**Supplied material:**

****************

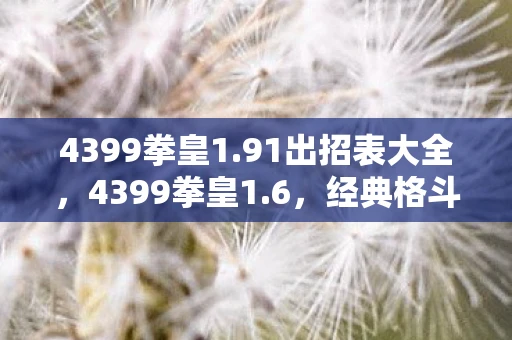 4399拳皇1.91出招表大全，4399拳皇1.6，经典格斗游戏的全新篇章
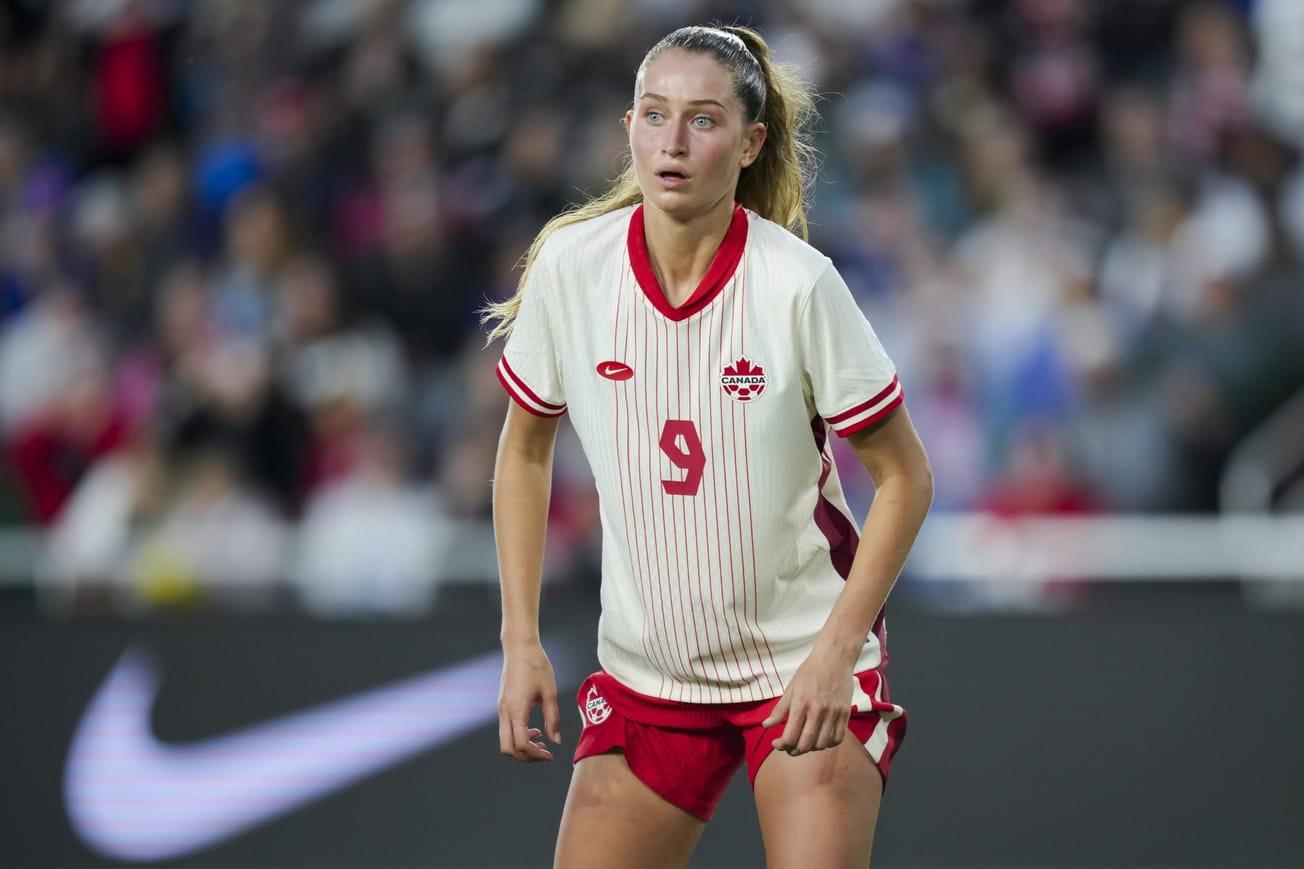 Jordyn Huitema of Canada faces off against the USWNT in a SheBelieves Cup game on April 9, 2024.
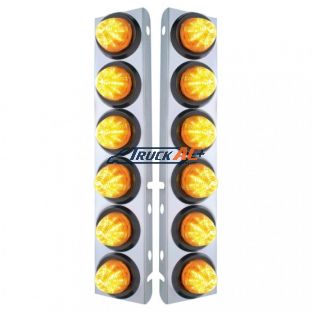 SS Front Air Cleaner Bracket With 12X 9 LED 2" Beehive Lights For Peterbilt-Amber LED & Lens - United Pacific 33814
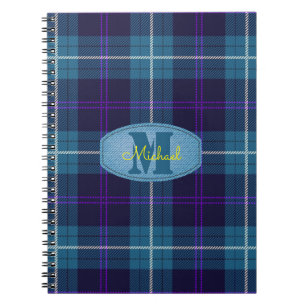 Celadon Blue Plaid Tartan Jeans Monogram Script Notebook
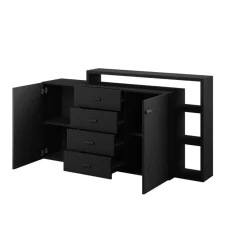 Sideboard & Skjenker-Skjenk Bota 2 Dører med 4 Skuffer Svart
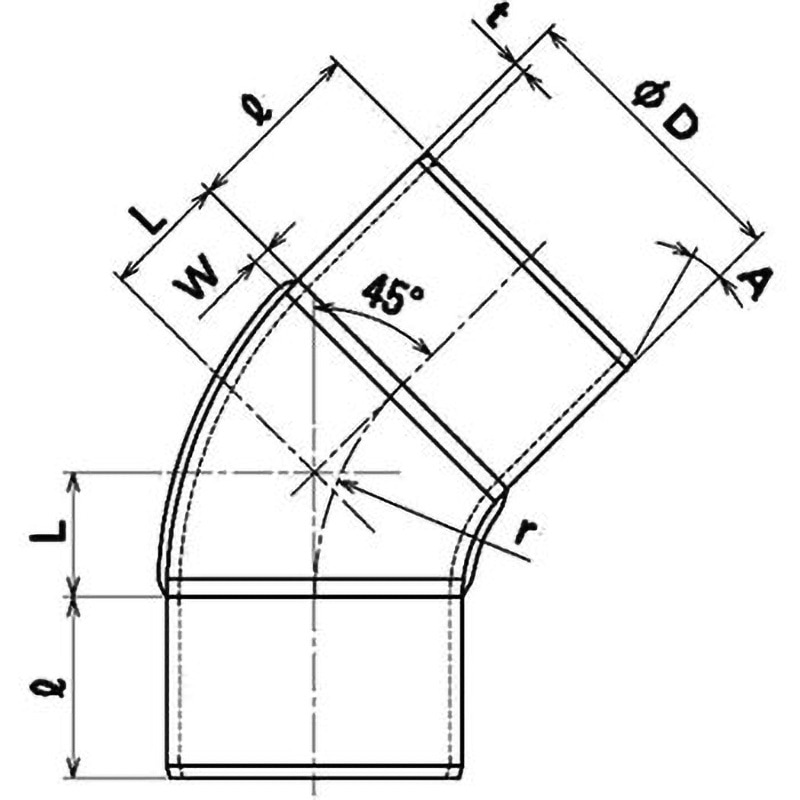 125 プレスエルボ45° フカガワ 亜鉛めっき鋼板 呼び径125mm - 【通販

****************

Transcribe exactly the lines from the one containing "SS Front Air" through the last line of the records above, and nothing else. Leave out the pictures.

 SS Front Air Cleaner Bracket With 12X 9 LED 2" Beehive Lights For Peterbilt-Amber LED & Lens - United Pacific 33814
 Celadon Blue Plaid Tartan Jeans Monogram Script Notebook
 Sideboard & Skjenker-Skjenk Bota 2 Dører med 4 Skuffer Svart
 125 プレスエルボ45° フカガワ 亜鉛めっき鋼板 呼び径125mm - 【通販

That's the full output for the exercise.